Four Private Members' Bills aimed at reducing traffic, energy consumption and waste received their first reading in the House of Commons in June. At least two appear to have Government support and have a good chance of becoming law in a lengthy parliamentary session.

Twenty Private Members' Bills have been presented to the Commons for the current session, which is likely to run till October 1998. Top of the list and also the most controversial is a Bill to ban hunting of wild mammals with dogs.

Several environmental bills feature in the list:

  • Fifth on the list is the Road Traffic Reduction (United Kingdom Targets) Bill, which will be taken through the Commons by Cynog Dafis, Plaid Cymru MP for Ceredigion and Pembroke North. The Bill will aim to build on an Act passed last March which obliges local authorities to set targets for reducing traffic or its rate of growth by obliging the Government to prepare a national plan to cut traffic by 10% from 1990 levels by 2010 (ENDS Report 268, p 33 ).
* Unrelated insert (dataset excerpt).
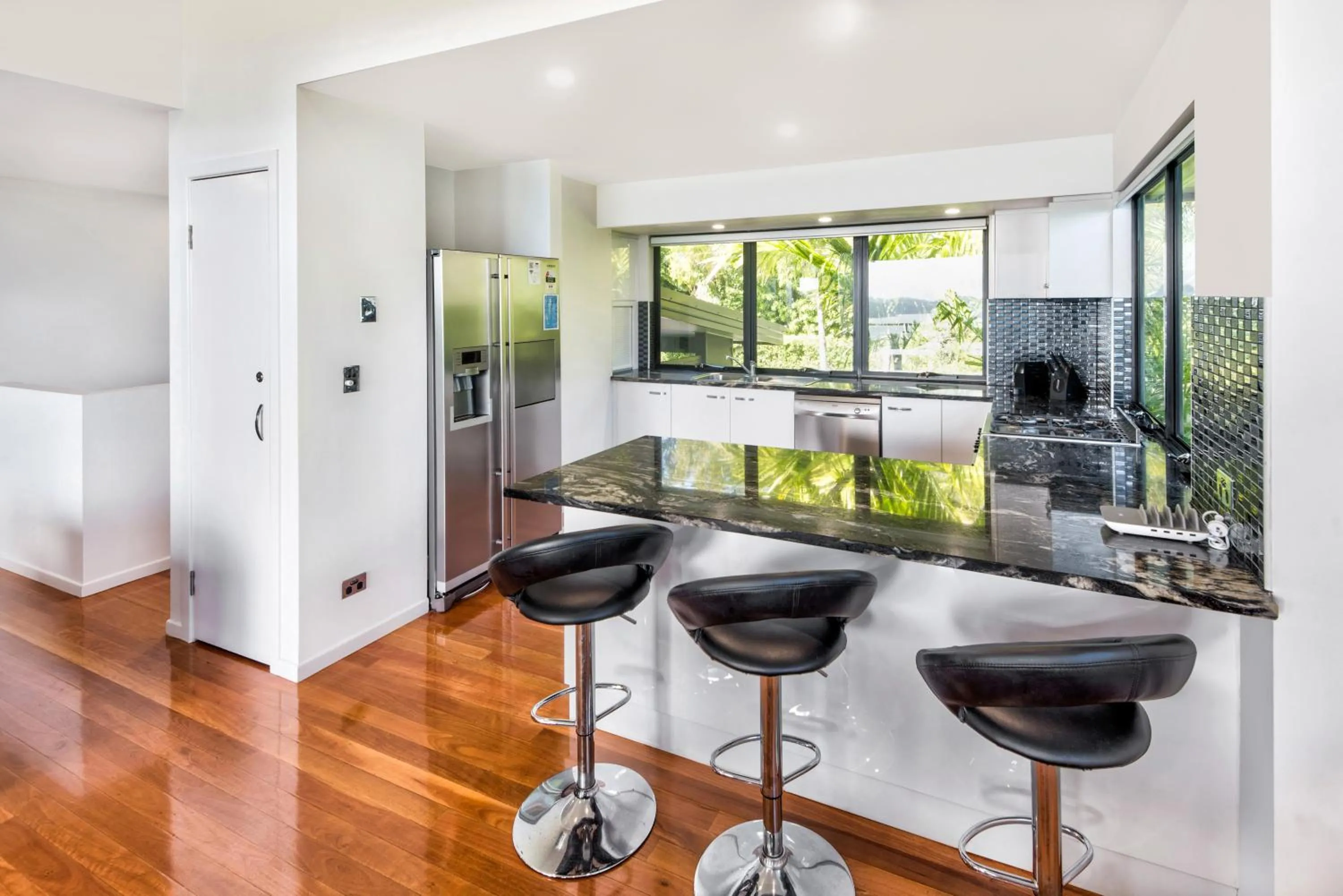 Kitchen or kitchenette in Pinnacle Apartments on Hamilton Island by HIHA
The Bill is due to receive a second reading on 30 January.

  • In sixth place is the Energy Efficiency Bill, introduced by John Burnett (LibDem, Torridge and West Devon). The Bill would oblige mortgage lenders to provide as part of their standard surveys details of specific energy-saving items already in the home, along with advice on the costs and benefits of installing those which are absent.

    A similar Bill passed through the House of Lords earlier this year in the face of opposition from the Government and mortgage lenders (ENDS Report 264, p 28 ), but failed to make progress in the Commons. The mortgage industry claims that the cost of energy surveys would be excessive, but the Association for the Conservation of Energy (ACE), which helped draft both bills, puts the cost at only £10.
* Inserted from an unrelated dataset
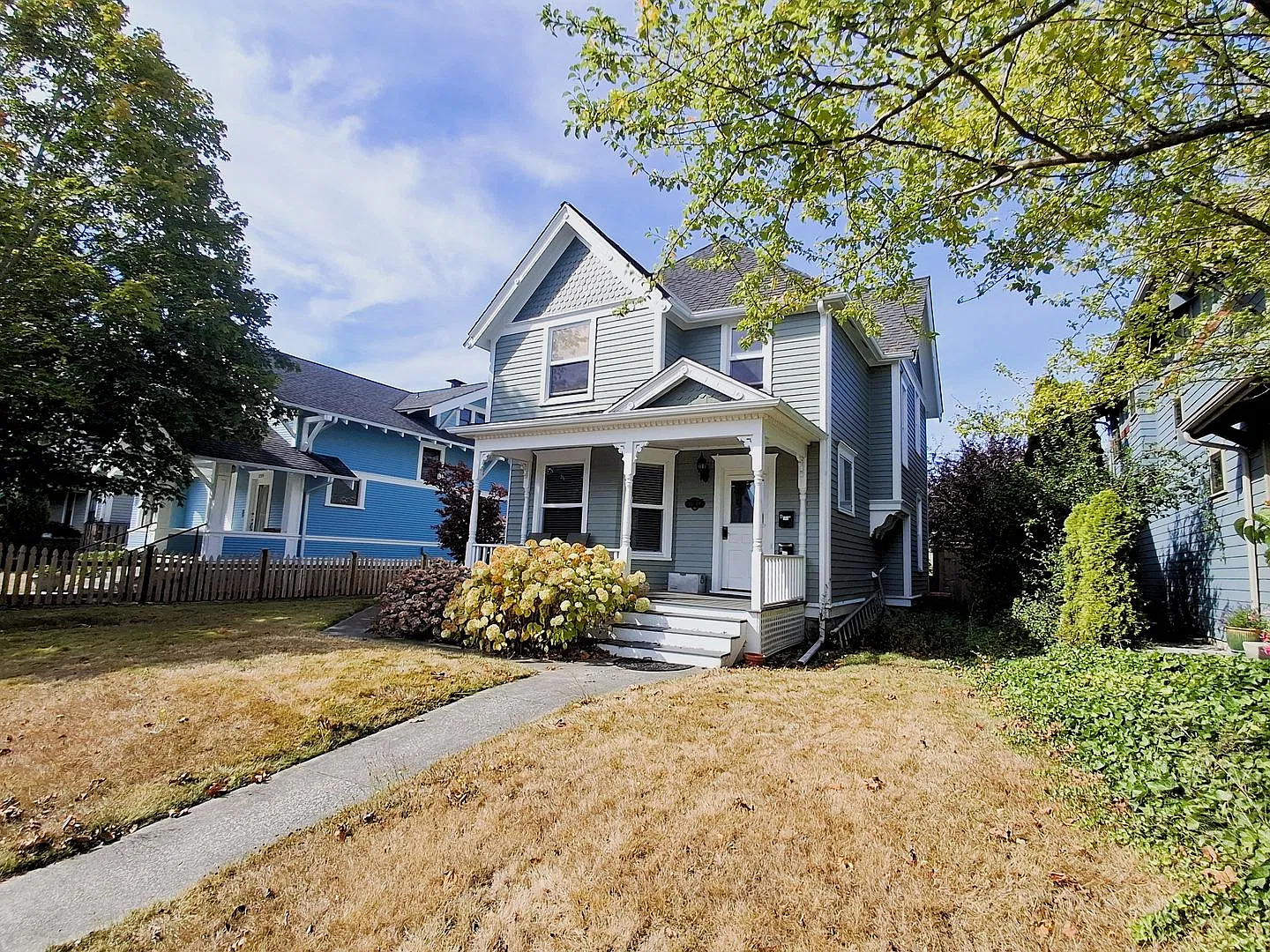 2321 Elm St — Photo 2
    The change of Government appears to have brought a change of attitude. ACE Director Andrew Warren said: "We are confident from discussion with Government Ministers that [the Bill] will be successful." ACE estimates that the Bill will reduce carbon dioxide emissions by around 0.27 million tonnes (as carbon) per year within a decade. The Bill is due for a second reading on 6 February.
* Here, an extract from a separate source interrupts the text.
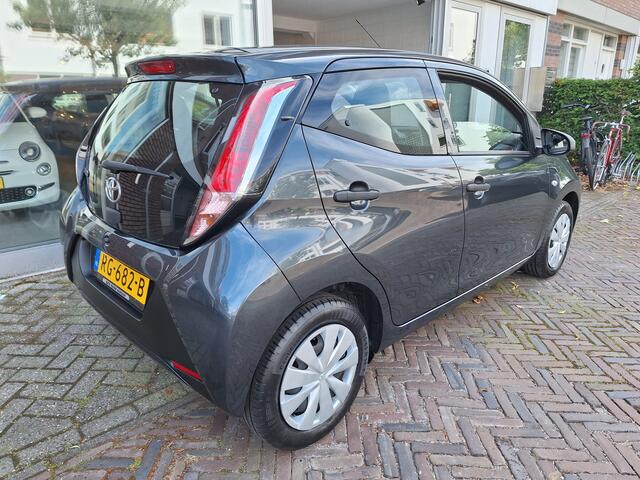 Toyota AYGO 1.0 VVT-i X-Fun 5Drs /66.000 Km/Airco/Bluetooth/Led/Garantie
  • Another item of legislation introduced in the Commons earlier this year is in sixteenth place, and also appears to have Government backing.

    The Waste Prevention Bill, which would give local authorities explicit powers to promote and give support to waste minimisation initiatives (ENDS Report 266, pp 29-30 ), was drafted by the Women's Environmental Network and is being introduced by Piers Merchant (Con, Beckenham).

    The Bill failed to progress beyond Committee stage in the last session due to lack of time. Shortly before Mr Merchant announced that he would introduce the legislation, Environment Minister Michael Meacher said that the Government was "hoping to see a backbench MP bringing forward a similar Bill in the current session...We would certainly give it a fair wind...subject to the exact details." The Bill is due for a second reading on 12 December.

  • Eighteenth on the list is the Energy Conservation (Housing) Bill, introduced by Clive Efford (Lab, Eltham). The Bill would extend the duty imposed on local authorities by the Home Energy Conservation Act 1995 to prepare reports on ways of improving the energy efficiency of homes in their areas (ENDS Report 254, p 47 ) to housing associations, which own more than a million properties. The Bill is down for a second reading on 6 February.

  • The Pesticides Bill, introduced by Ben Bradshaw (Lab, Exeter), would amend provisions in the Food and Environment Protection Act 1985 relating to regulations on pesticide safety and their enforcement. Further details were unavailable as ENDS went to press. The Bill is seventeenth on the list and is due to receive a second reading on 28 November.

    Also of potential significance in the environmental arena is the Public Interest Disclosure Bill, introduced by Richard Shepherd (Con, Aldridge Brownhills). The Bill would protect individuals making certain disclosures of information in the public interest and allow them to bring action in respect of victimisation. Its second reading is due on 12 December.